Published 4/2/2008 on the District Weekly

What would happen to Long Beach’s 40-year-old oil islands if something should happen to the Long Beach Breakwater, allowing a storm to strike the garish little landmarks with open-ocean force?

“That’s a good question,” says Bill McFarland, human resources manager and 26-year employee of THUMS Long Beach Company (the islands’ operator in contract with Occidental since 2000). It’s not that good of a question. The fate of the four oil islands with the Austin Powers-era facades is one of the first things everybody brings up whenever anybody suggests reconfiguring the breakwater. “If the breakwater were changed,” McFarland speculates, “the islands may have to be reinforced with more boulders.”

Actually, what’s good is the answer to that four-pronged what-could-go-wrong: Nothing.

Bud Johnson, a retired marine engineer and consultant who has conducted his own breakwater reconaissance study, says the oil islands would hold up just fine.

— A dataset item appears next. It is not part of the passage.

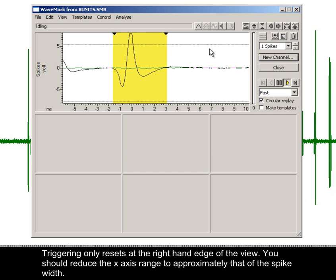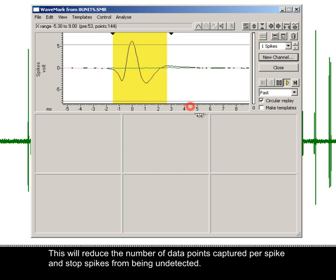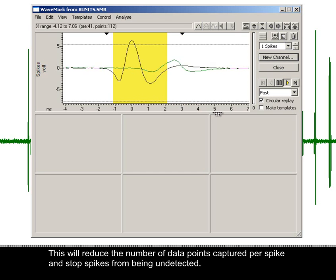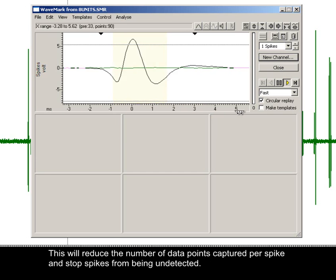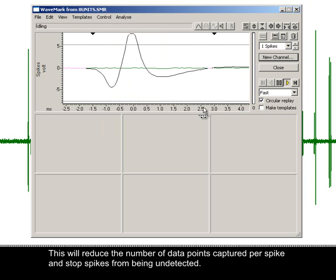You should reduce the x-axis range to approximately that of the spike width. This will reduce the number of data points captured per spike and stop spikes from being undetected.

The islands and the breakwater were built out of boulders from the same Catalina Island quarry by the same company—Connolly-Pacific Co., a rock quarrying and marine construction business with deep roots in the region.

The islands may be named after astronauts—Grissom, White, Chaffee and Freeman—and made to look like off-shore bachelor-pad apartments with colorful lighting and artificial waterfalls, but they are actually 42 collective acres of dead-serious oil derricks built to pump money. Some 1,200 oil wells with at least 20 years of productivity left in them poke beneath the pretty surface, originally built with 640,000 tons of boulders and 3.2 million cubic yards of sand.

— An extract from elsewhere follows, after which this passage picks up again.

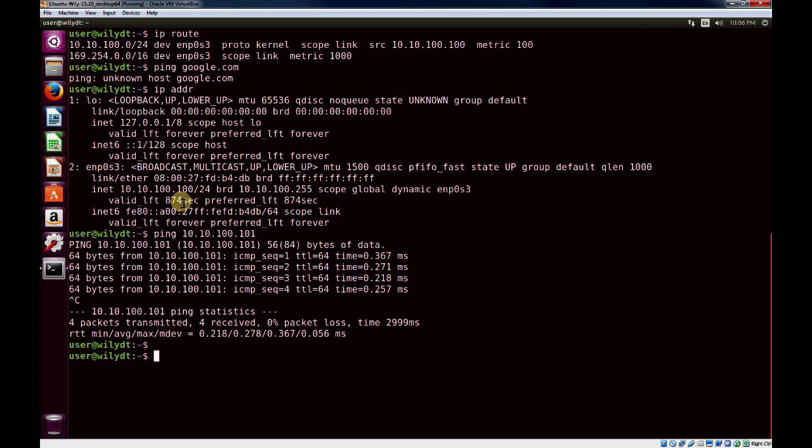And that is the basics of host-only networking. These two VMs now have connectivity to one another through a private network.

Connolly-Pacific’s communication department won’t comment on the islands’ construction, saying, “It has been such a long time and none of the people involved then are around.”

But Johnson was around then, and he says the oil islands have already been reinforced—a precautionary project undertaken after a bad winter storm destroyed Seal Beach’s oil platform, Esther, in 1983.

“The islands,” he says, “are built to handle it.”